343TiP - Pembrolizumab (MK-3475) versus standard treatment in patients with recurrent or metastatic head and neck cancer: Methodology of phase 3 randomized...

Date 20 December 2015
Event ESMO Asia 2015 Congress
Session Poster presentation 2
Topics Anticancer Agents
Head and Neck Cancers
Biological Therapy
Presenter Jean-Pascal Machiels
Citation Annals of Oncology (2015) 26 (suppl_9): 93-102. 10.1093/annonc/mdv527
Authors J. Machiels1, S.W. Shin2, E.E.W. Cohen3, K. Harrington4, B. Burtness5, C. Gause6, A. Swift6, R. Swaby6, C. Le Tourneau7
  • 1Medical Oncology, Cliniques Universitaires St. Luc, , - Brussels/BE
  • 2Oncology And Hematology, Korea University College of Medicine, Seoul/KR
  • 3Hematology/oncology, University of California at San Diego, Moores Cancer Center, La Jolla/US
  • 4Targeted Therapy, Institute of Cancer Research, London/GB
  • 5Yale Cancer Center, Yale University, New Haven/US
  • 6,, Merck & Co., Inc., Kenilworth/US
  • 7Medical Oncology, Institut Curie, Paris/FR



Prognosis for patients with recurrent or metastatic head and neck squamous cell carcinoma (R/M HNSCC) is poor, with limited treatment options and survival rates following standard-of-care therapies. Pembrolizumab is a humanized IgG4 monoclonal antibody against PD-1 designed to block the interaction between PD-1 and its ligands, PD-L1 and PD-L2. It has demonstrated clinical efficacy by investigator-assessed responses (including confirmed and unconfirmed responses) in a phase 1 study of R/M HNSCC. Additionally, preliminary PD-L1 biomarker data suggest that response rates may be greater in PD-L1–positive patients.

Trial design

KEYNOTE-040 (NCT02252042) is a global, open-label, phase 3 trial of 600 subjects with R/M HNSCC for whom prior platinum therapy has failed. Patients will be randomly assigned (1:1) to pembrolizumab (200 mg Q3W) or investigator's choice standard of care (single-agent methotrexate, docetaxel, or cetuximab). Randomization will be stratified by ECOG PS (0 vs 1), human papillomavirus (HPV) status in oropharyngeal cancer by p16 immunohistochemistry testing (positive vs negative), and centralized PD-L1 status (≥50% positive vs not positive PD-L1). Pembrolizumab will be given for ≤24 months or until disease progression, unacceptable toxicity, or investigator decision. Imaging will occur per RECIST v1.1 at 9 weeks and then every 6 weeks thereafter, and AEs will be assessed by NCI CTCAE, v4.0. Modified RECIST criteria, which allows for continued treatment after initial radiographic progression until confirmation imaging ≥4 weeks, will be used to account for unique responses seen with immunotherapy. Radiographic responses will be confirmed by independent central review by RECIST v1.1 and modified RECIST and will be analyzed in real time for verification of progressive disease by RECIST v1.1. Survival follow-up will occur every 12 weeks. Primary end points are PFS and OS in all subjects and in subjects with PD-L1 strong positive expression; secondary end points include PFS and OS in subjects with any positive PD-L1 expression, safety and tolerability, TTP, ORR, and DOR.
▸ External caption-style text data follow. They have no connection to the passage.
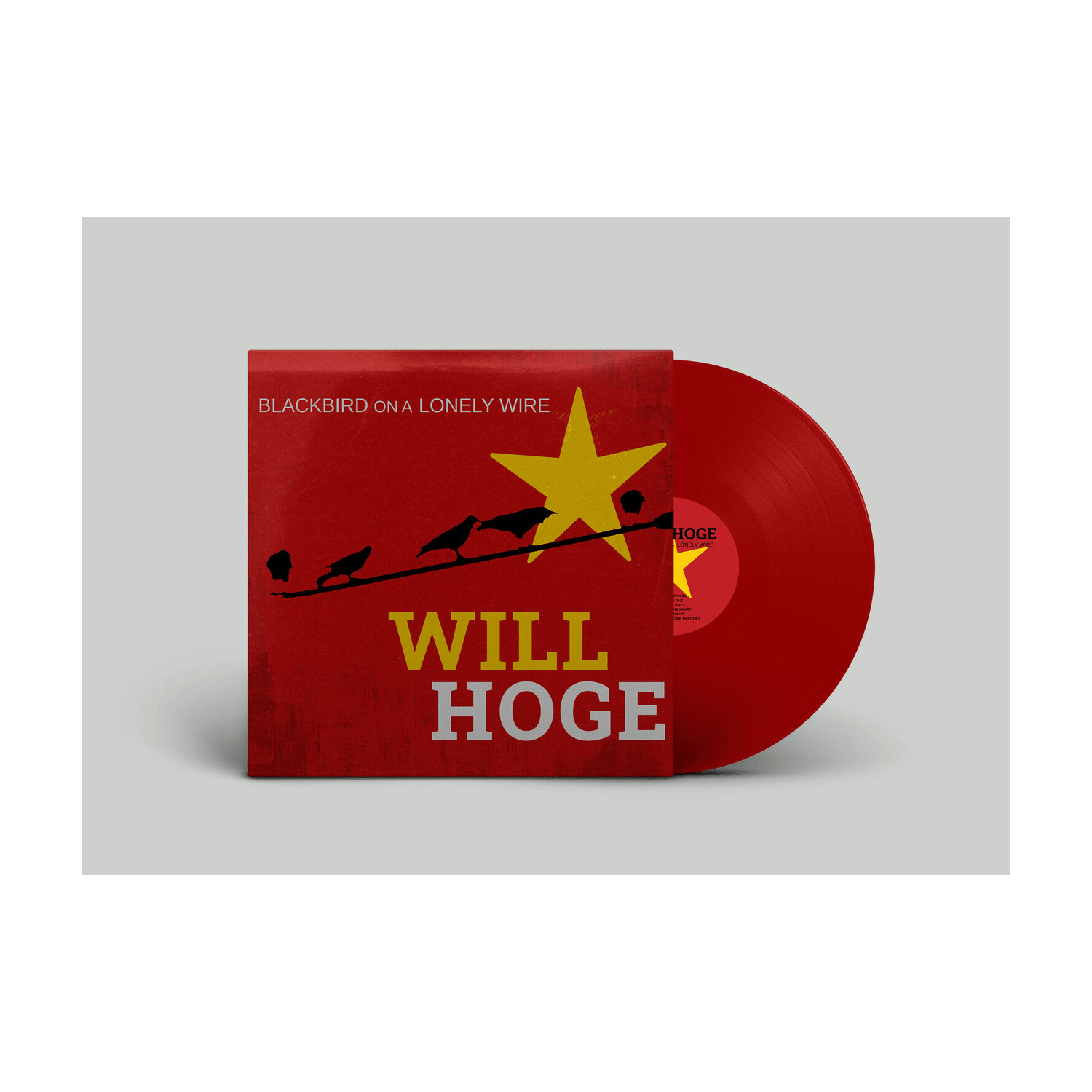 Will Hoge - Blackbird on a Lonely Wire (Maroon Vinyl) - LEVITATION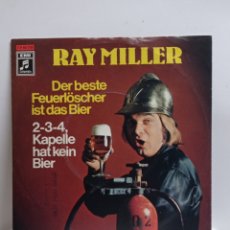 Discos de vinilo: RAY MILLER, DER BESTE FEUERLOSCHER... (COLUMBIA 1972,ORIG.DEUTSCH) -SINGLE- HUMOR CERVECERO. Lote 300432478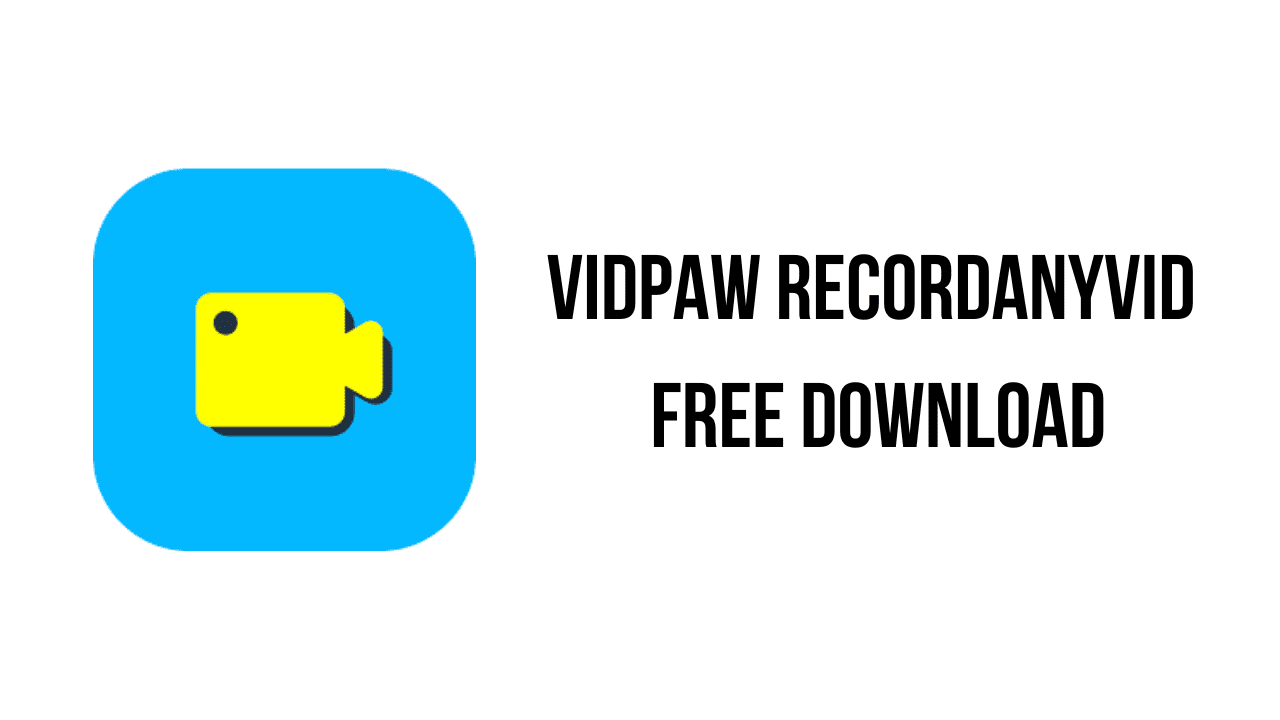 Vidpaw RecordAnyVid Free Download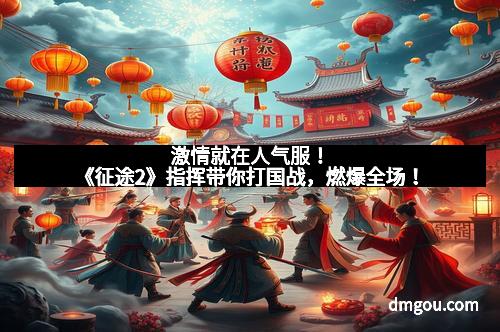 激情就在人气服！《征途2》指挥带你打国战，燃爆全场！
Clinical trial identification



J.-P. Machiels: research: Novartis, Sanofi, Bayer; consulting/advisory: Merck Sharp & Dohme. E. Cohen: consulting/advisory: Bayer, Novartis, VentiRx, Merck, BMS, AstraZeneca, Eisai; speaker: Biodesix, Bayer. B. Burtness: research: Boehringer-Ingelheim, Genentech; consulting/advisory: VentiRx, Novartis, Genentech, Onyx, Immunogen. Expert testimony: Johnson & Johnson. C. Gause, R. Swaby: employee and stock, Merck & Co., Inc. A. Swift: employee, Merck & Co., Inc. All other authors have declared no conflicts of interest.